As I said, agression isnt the main issue, water levels are. What you are doing is not optimal for the fish.


----------



## Jgray152 (Jan 16, 2007)

What do you mean water levels? Water Conditions?

They sit in the same range as Mbunas

PH 7-8.5
Hardness: Mild Hard to very hard
Temp 77-82

Where am I doing something wrong?


----------



## Gourami Swami (Jul 4, 2006)

It will be fine, I dont really think your doing something wrong. Im just saying that idealistically, the mbuna like pH about 8-12 points higher than CA's, who like it around 7. You should be fine if you arent overstocked.


----------



## Jgray152 (Jan 16, 2007)

Well so lets say a ph of 7.6-7.8 is healthy for them since that is within their range and Mbunas.  I believe thats also where my PH is at.

My hardness is unknown but I will get a test kit for that in the future.

SO why don't we rule out the "you shouldn't or can't" mix JDs or atleast some new world cichlids with mbunas. I believe there are some new world cichlids that require different water conditions then the JD so maybe those you shouldn't mix.


----------



## Jgray152 (Jan 16, 2007)

Well to reword my post from above I suppose you can't rule out the "you can't mix" new with africans since a lot of them require different water conditions. 

I relized what I said wasn't the right thing to say


----------



## Gump (Aug 2, 2006)

Again im with GS on this one. The combos that cichlid man brought up are a little out of control. 

"Possible stocking lists in 6 foot tanks:

25 mbuna, 25 pea****************s, 25 convicts, 25 lamprologus OR

10 medium sized haps, 10 firemouths, 10 rainbow cichlids OR 

5 green terrors, 5 frontosas, 5 malawi eye biters OR

pair of red devils, pair of jags"

I see none of these working after the cichlids hit sexual maturity. Unless by 6' tank you mean 6x6 or 6x4 then we might be okay.

If i were you myprettyfish, I would set your tank up for centra/SA and as long as you water is clean and you offer quality food your africans should keep there bright colors.

In most cases American cichlids will out do africans but a lot of people forget that tilapia buttikoferi are africans and are considered to be one of the most aggressive cichlids.Also 5 star generals are pretty bad when they hit sexual maturity.


----------



## Gourami Swami (Jul 4, 2006)

You CAN mix some, but its not technically the best thing to do based on water temperatures and aggression levels (with exceptions)


----------



## Jgray152 (Jan 16, 2007)

^ Water temps are the same as Mbunas for pretty much all New World cichlids. PH levels very a lot. JDs happen to live in the ranges the Mbunas are in. I saw a few others too but I think most New World cichlids like ph of 7 like you were saying.


----------



## Jgray152 (Jan 16, 2007)

also, what is up with the (*) in the fish type for 
pea****************s

I see it like that all the time.
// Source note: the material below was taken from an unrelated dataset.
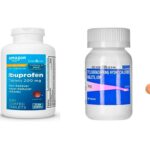 Can You Take Ibuprofen With Cyclobenzaprine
Why?


----------



## Gump (Aug 2, 2006)

That is a content filter. if you type a bad word or one the site things is bad it will *** it out.


----------



## leon (Mar 9, 2013)

hi sorry to bust in as you are alredy talking about wot mix here is mine in my tank ime new here so be gentle with me just a question for now. wot about malawis and plecs. there are 12 cics and two plecs just bought them in a 5x2x2 550 ltr i think again sorry to but in


----------



## emc7 (Jul 23, 2005)

Pleco lovers hate it. But a lot of mbuna keeper do it. The african cichlids tend to leave plecoes alone. Whereas fish from the same side of the world pay them more attention. I had a pair of angels deliberately kill a pleco they saw as a threat to their eggs.


----------